— SUPPLIED ENTRIES —
-- Opening Marker --

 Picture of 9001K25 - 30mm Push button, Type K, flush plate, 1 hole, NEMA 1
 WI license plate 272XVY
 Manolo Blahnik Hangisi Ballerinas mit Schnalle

-- Closing Marker --
-- Opening Marker --

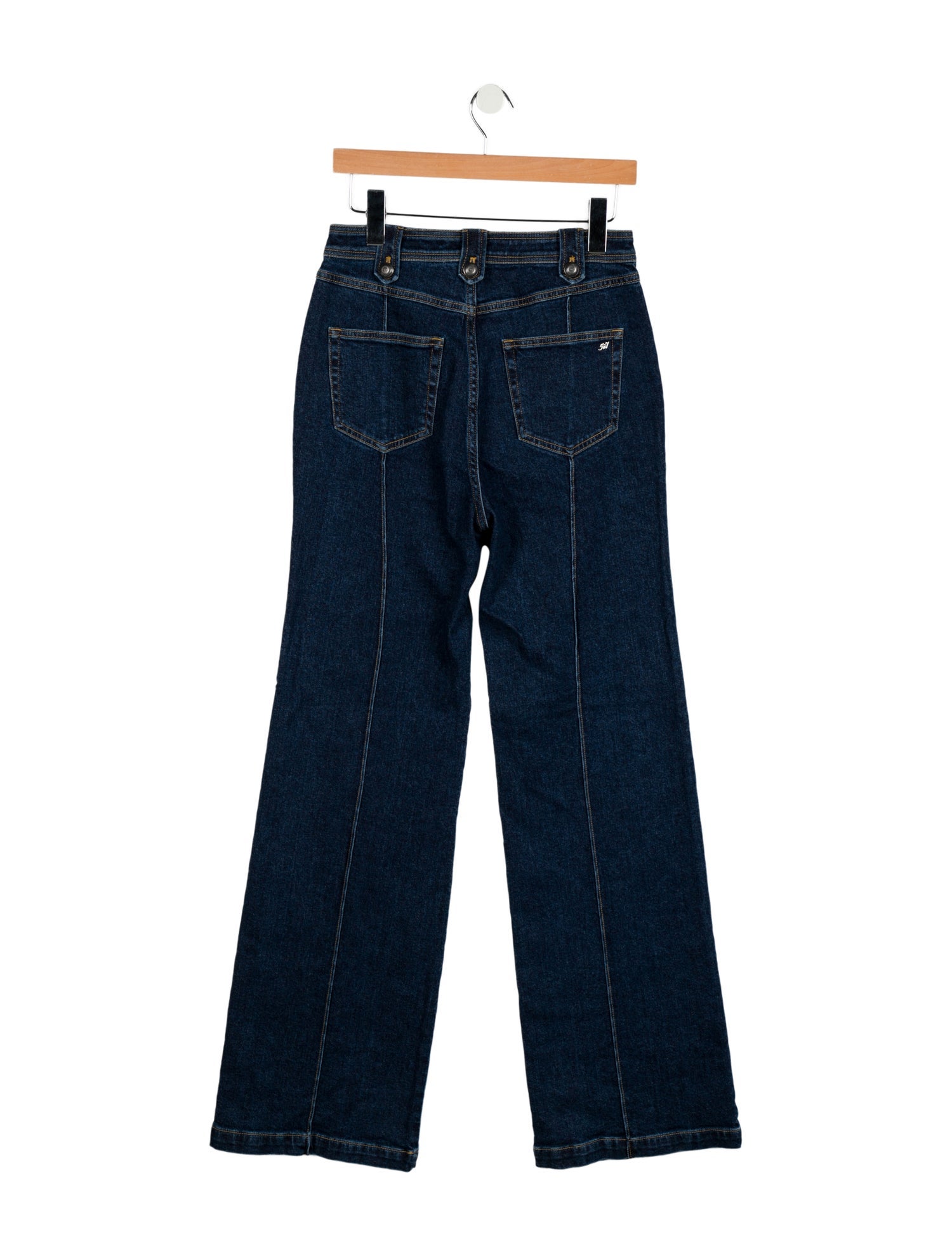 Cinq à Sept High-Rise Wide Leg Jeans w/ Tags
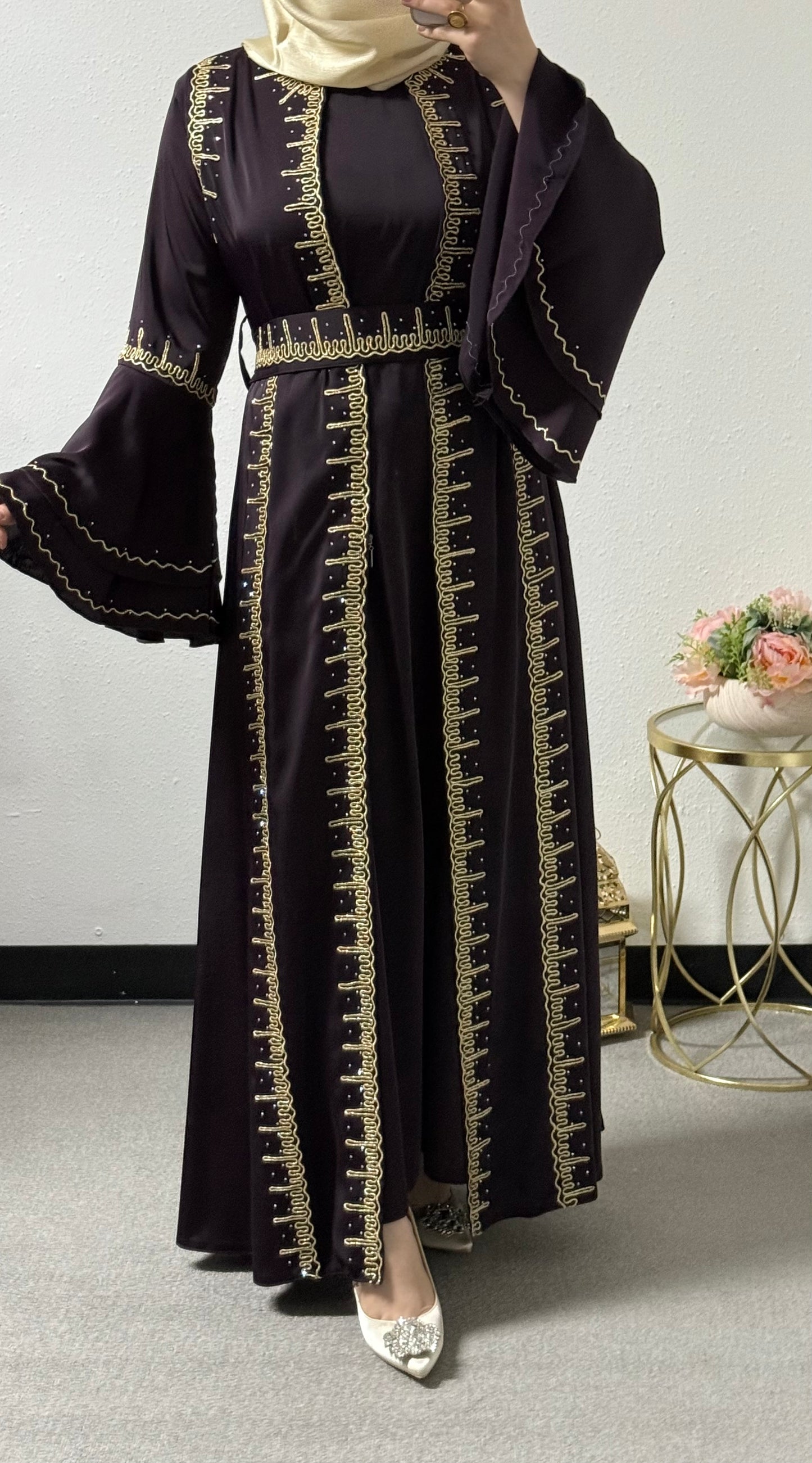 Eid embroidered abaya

-- Closing Marker --

— TASK ITEM —
The stretch of entries above that starts with the line containing "Picture of 9001K25" and goes on through the line containing "Manolo Blahnik Hangisi" is to be transcribed exactly, and no other line is to be transcribed.

— SOLUTION —
 Picture of 9001K25 - 30mm Push button, Type K, flush plate, 1 hole, NEMA 1
 WI license plate 272XVY
 Manolo Blahnik Hangisi Ballerinas mit Schnalle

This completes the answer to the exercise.